BEGIN

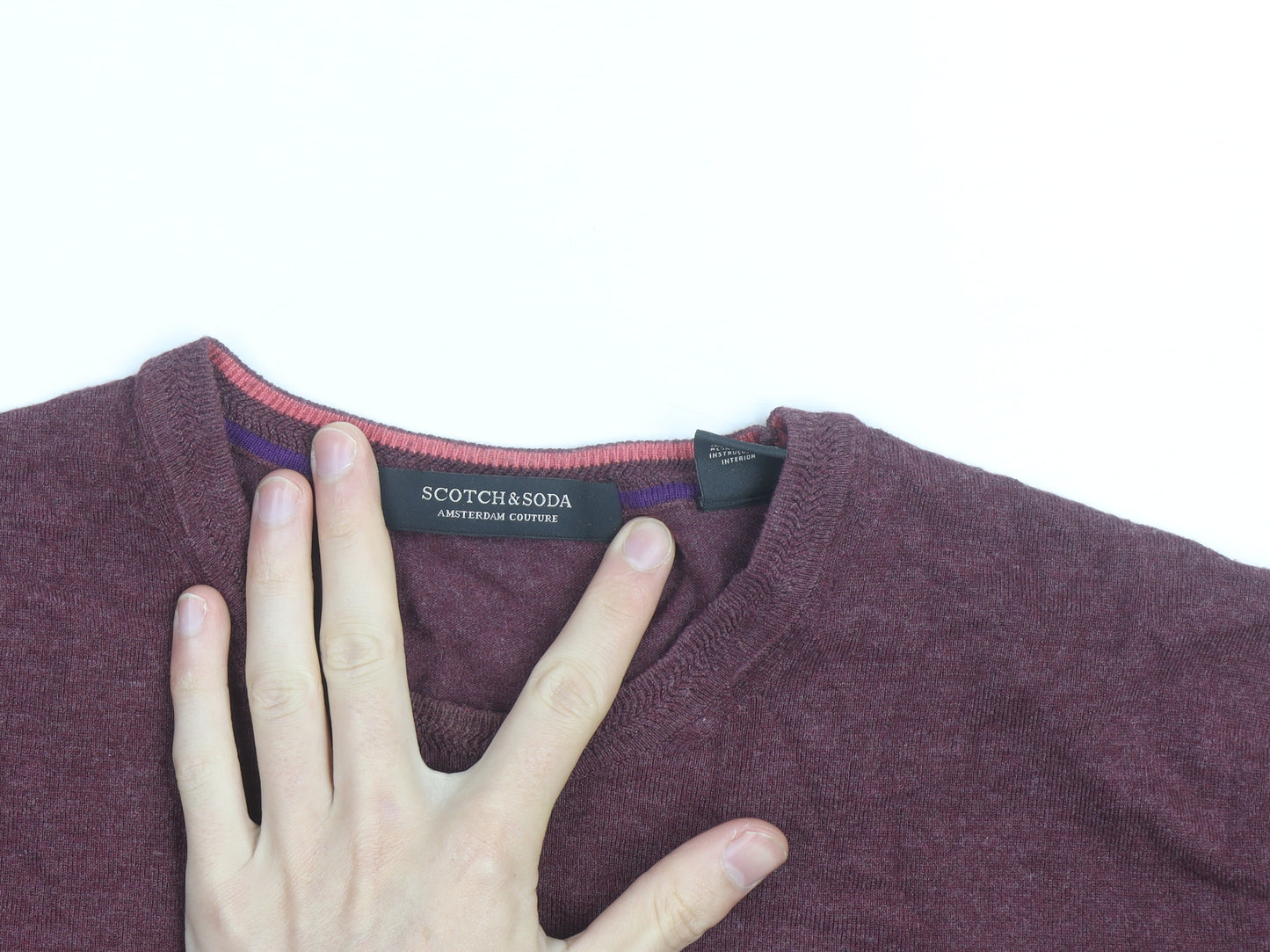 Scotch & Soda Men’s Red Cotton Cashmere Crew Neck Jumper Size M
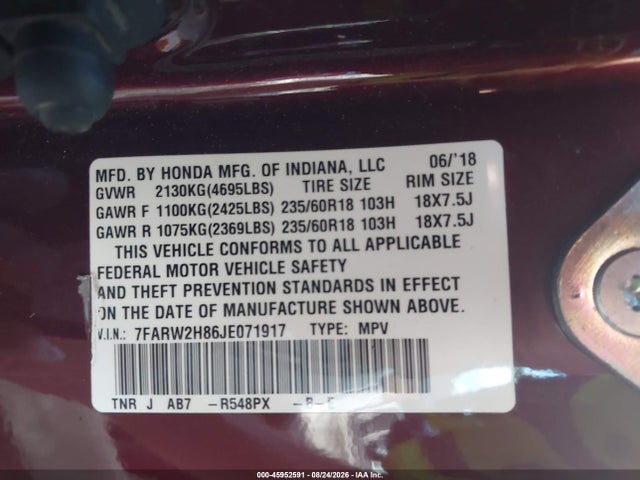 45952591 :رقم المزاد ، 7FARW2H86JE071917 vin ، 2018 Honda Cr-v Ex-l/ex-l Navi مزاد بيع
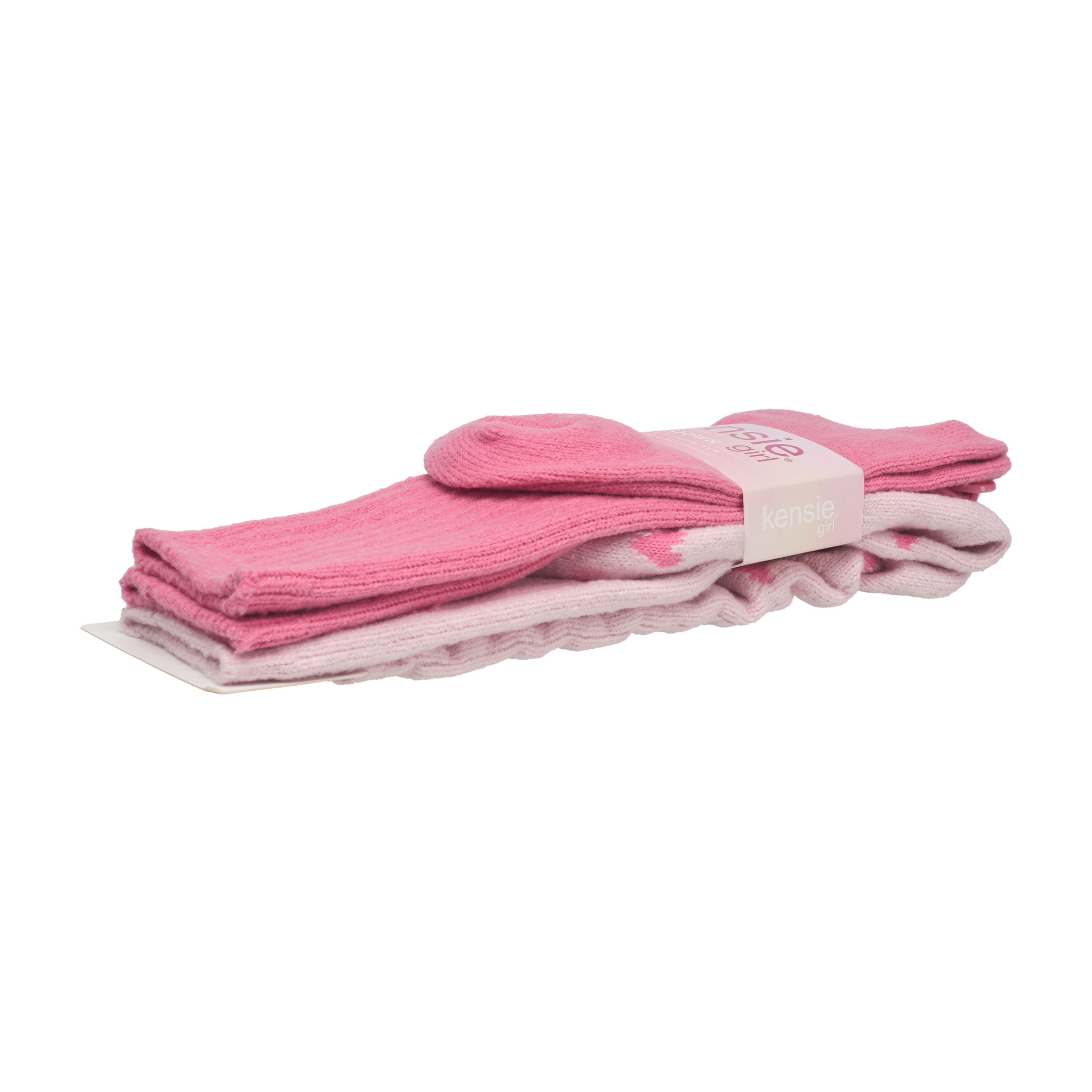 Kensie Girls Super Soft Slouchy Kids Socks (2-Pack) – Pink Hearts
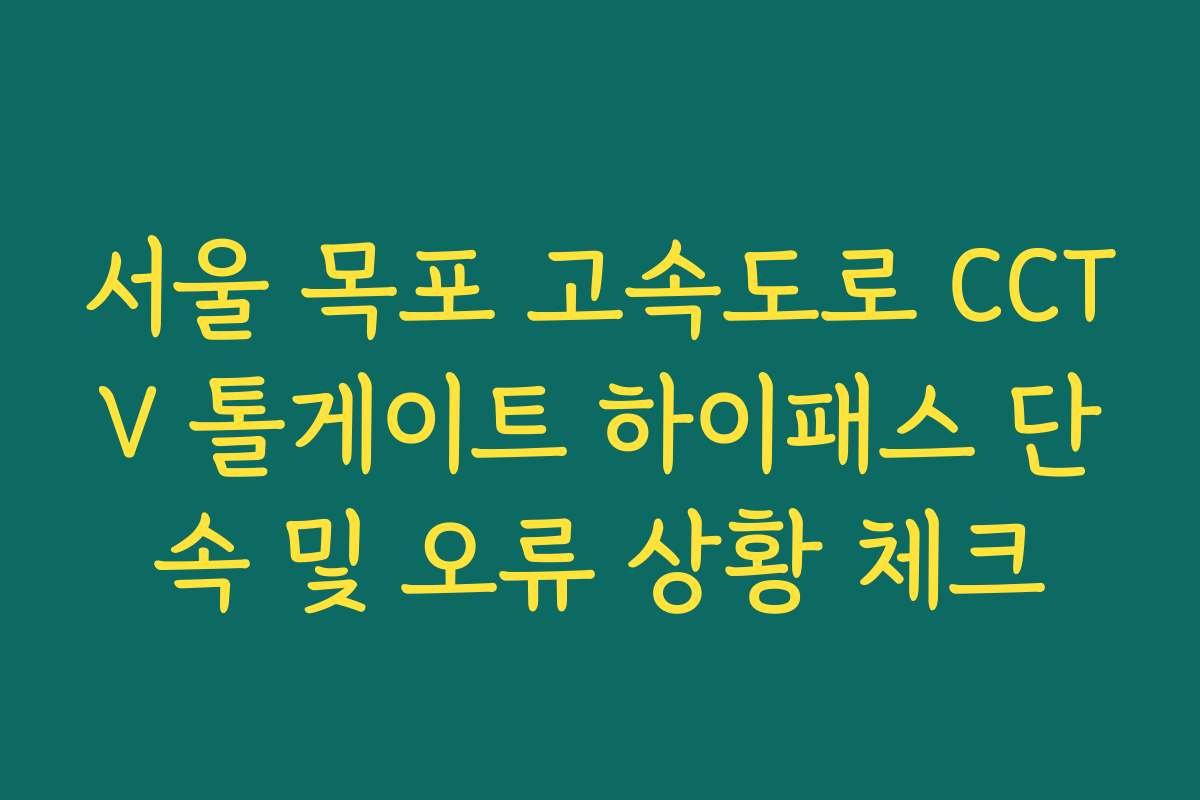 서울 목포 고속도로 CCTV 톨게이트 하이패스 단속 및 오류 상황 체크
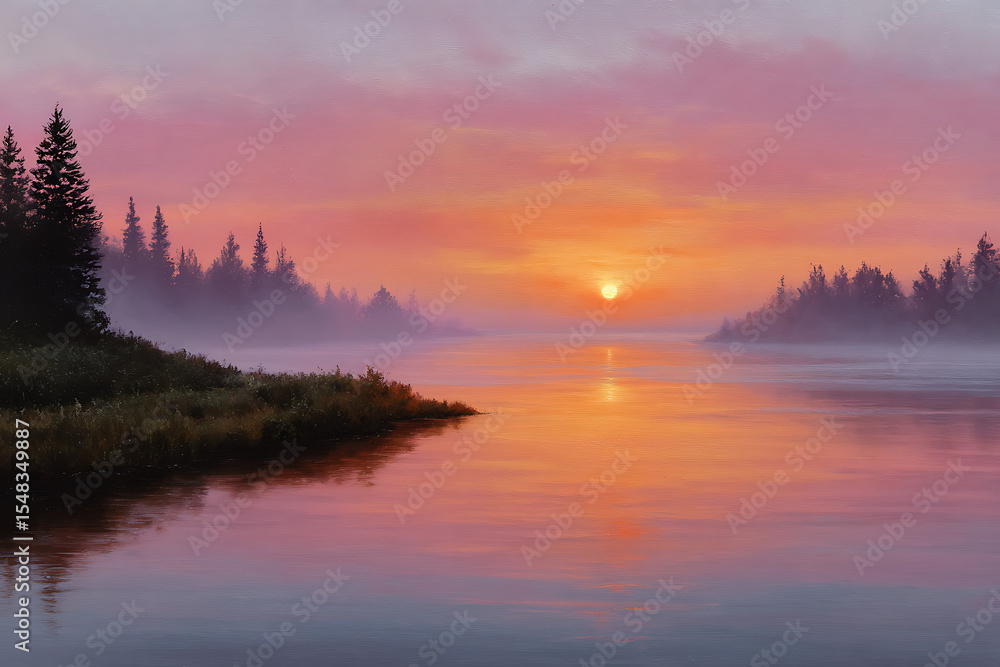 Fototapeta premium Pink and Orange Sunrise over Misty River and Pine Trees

END

> WHAT YOU SHOULD DO
Please retype the data exactly. The pictures do not go in.

> FINISHED TASK
 Scotch & Soda Men’s Red Cotton Cashmere Crew Neck Jumper Size M
 45952591 :رقم المزاد ، 7FARW2H86JE071917 vin ، 2018 Honda Cr-v Ex-l/ex-l Navi مزاد بيع
 Kensie Girls Super Soft Slouchy Kids Socks (2-Pack) – Pink Hearts
 서울 목포 고속도로 CCTV 톨게이트 하이패스 단속 및 오류 상황 체크
 Fototapeta premium Pink and Orange Sunrise over Misty River and Pine Trees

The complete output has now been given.